We have been here for two days now and camped both nights since we got the rental car. Camping makes it way cheaper and the money we save on lodging more than pays for our rental car. Yesterday we went for a day hike up Rainbow Mountain near Rotorua and it was a wonderful view from the top of the rolling grasslands filled with sheep and dark forests. Today we will tour around the Taupo Lake region and plan a hike for tomorrow.


Mice, Karaoke and Jack

We have been in Hawaii now for 2 weeks and it will be hard to leave next weekend. Our days have been filled with coffee, beaches, mice and the occasional tv star. Shortly after we arrived we discovered a mouse running a muck around the house. After realizing that he could make it onto the stove and counter tops we decided it was time for him to leave us. A mouse trap, some cheese (peanut butter didn't work), and a little persistence later, we caught ourselves a mouse. Then his friend. (We won't show you the after picture, only the before one).
Once we caught the mouse we needed something else to pass the time so we decided to stalk some actors from the TV show Lost. Si's next door neighbor works for the show and leaked a couple of upcoming filming locations to us. After many mosquito bites and a couple of hours standing in the rain, we got to see the characters of Jack and Hurley filming on a hiking trail.

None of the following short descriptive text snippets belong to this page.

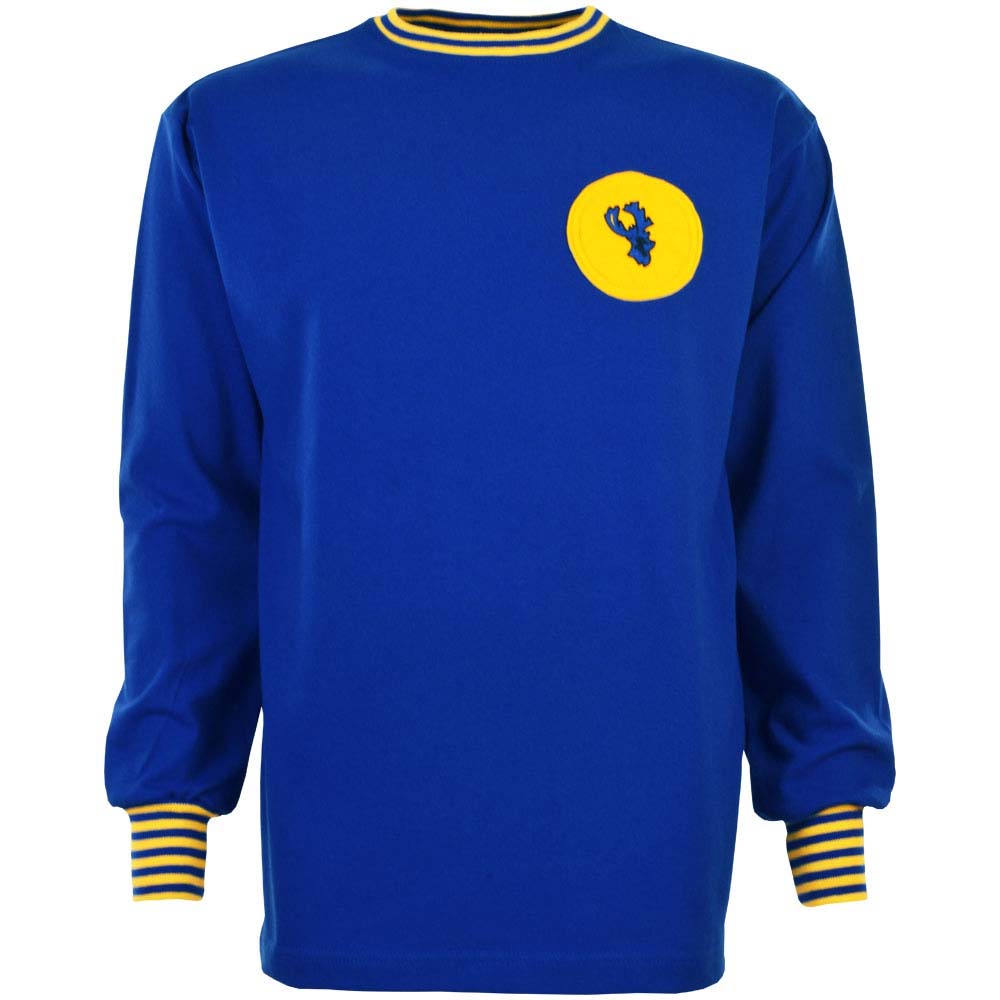 mansfield town retro shirts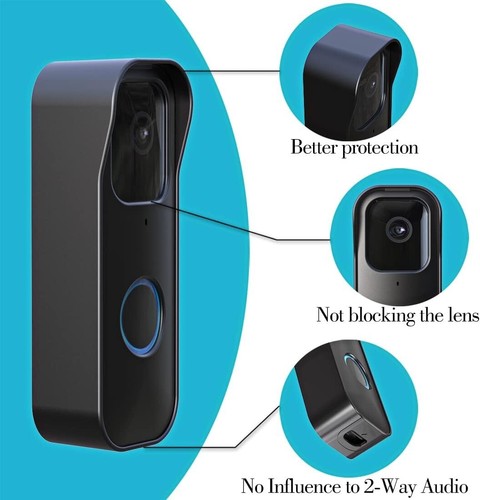 Nuovo Blink Videocitofono Supporto Cablato/Wireless 2 Vie Audio HD Video e Alexa - Foto 6 di 21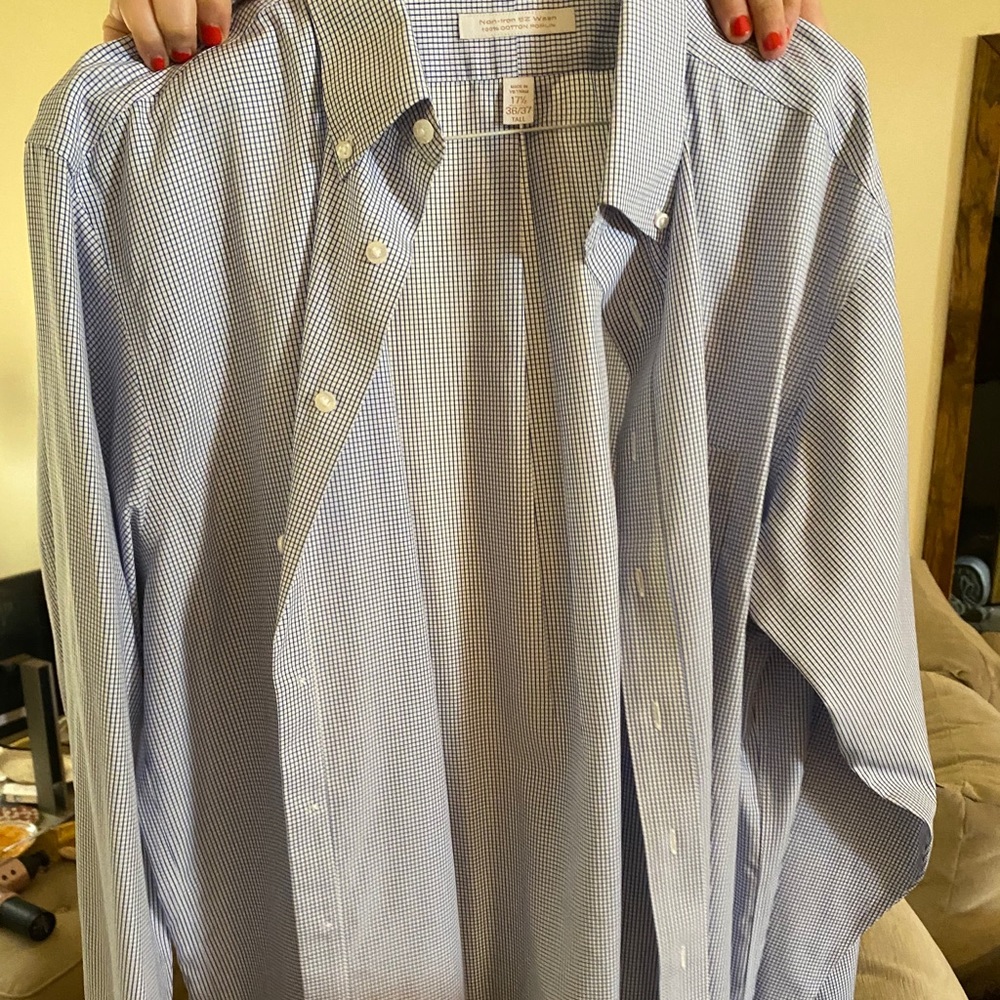 Men’s gold label shirt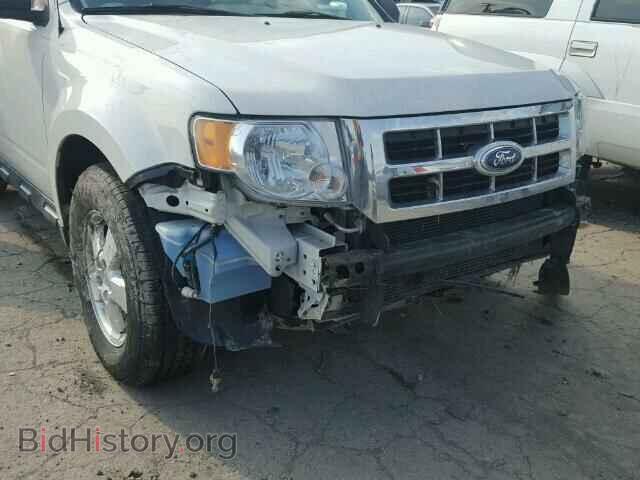 2011 FORD ESCAPE - VIN: 1FMCU0D79BKC40434 - Фото 9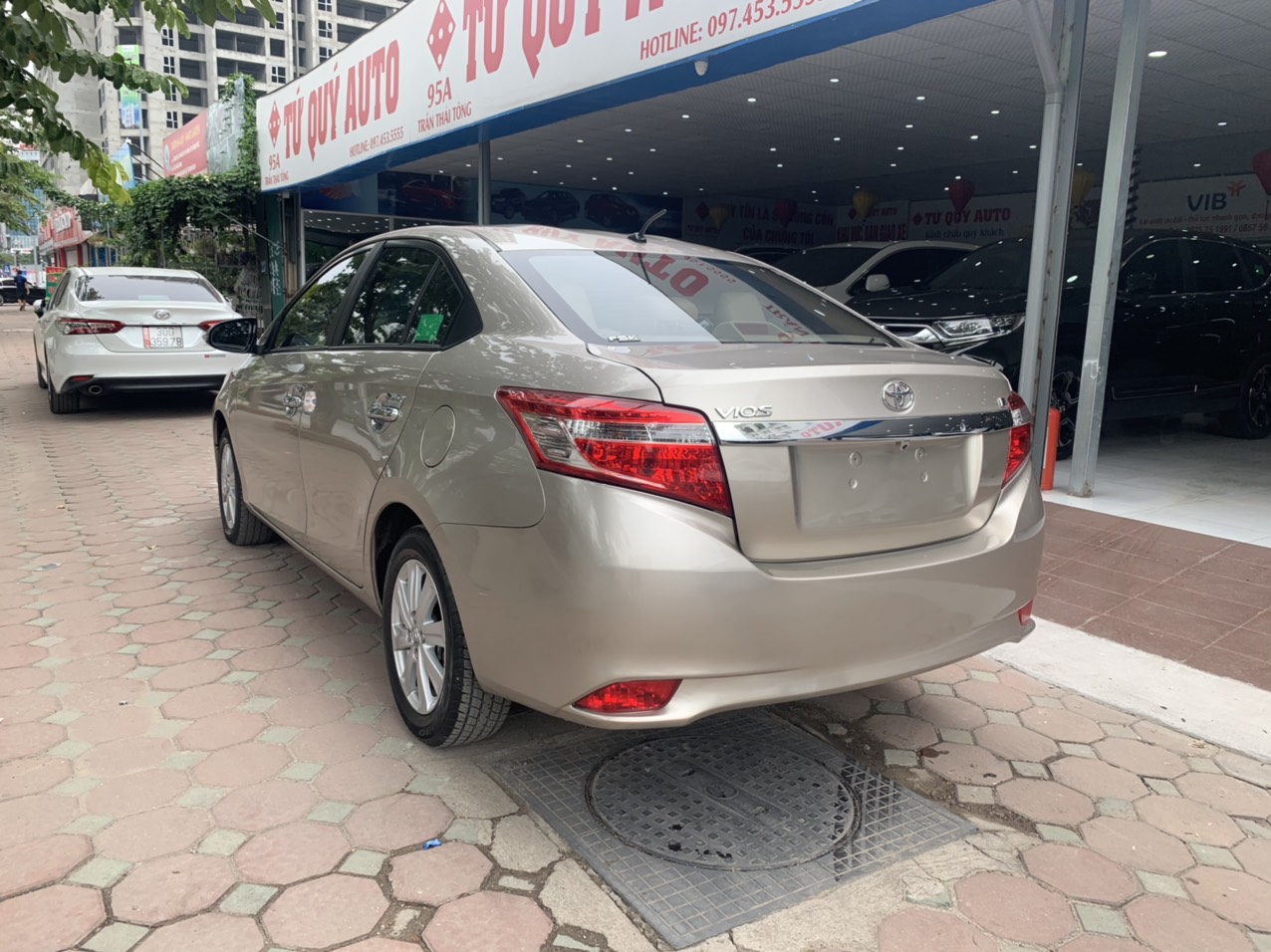 Toyota Vios 1.5G 2016 - 4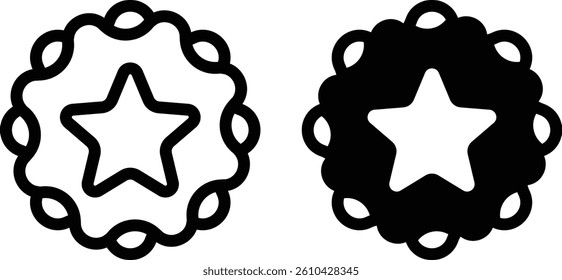 NEW Solid icon glyph icon.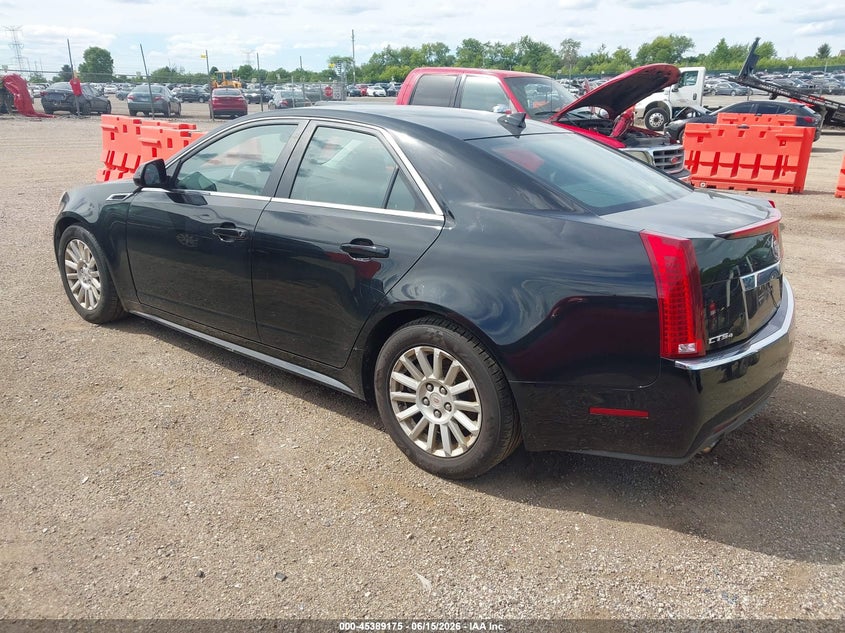 2013 CADILLAC CTS SEDAN 3.0L V-6 DI, DOHC, VVT, 270HP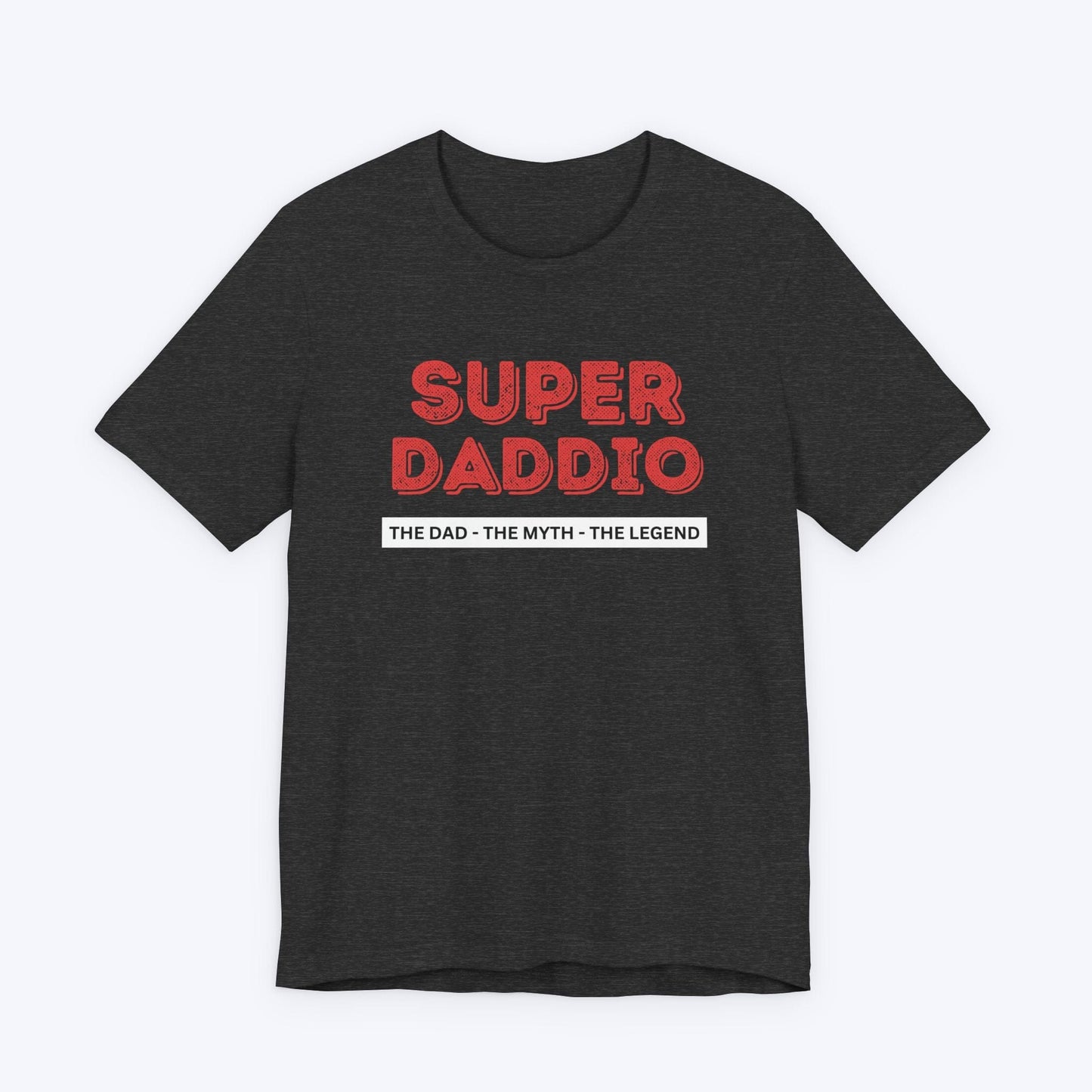 T-Shirt Dark Grey Heather / S Super Daddio (Vintage) T-shirt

We were pretty excited because we walked right passed them. I know, we are big nerds.

Si has been a gracious host and taken us out on the town a couple times with some of his friends. One night we spent the better part of 3 hours singing karaoke at a place called Karaoke hut. We think Si needs to start a band, and Eli decided he should never be allowed near a microphone. We had a great time and are looking forward to some more karaoke before we leave.


Laie Waterfall Hike

Yesterday we hiked Laie waterfall trail. The 4 hour hike turned into a 6 hour hike because the mud was so thick and the rocks were slippery. Along the way we munched on wild strawberry guavas. Si's roommate Tyler was our guide and he brought along his 2 dogs, Myles and Zion. Tyler hiked ahead of us so every 3 minutes or so, Myles would run back to check on us and lead the way through the trail. What a good dog.

Today we are a bit sore, so we are going to relax at the beach. As soon as we find out where the 6 year old boy in the balloon is (currently on CNN), we will head out.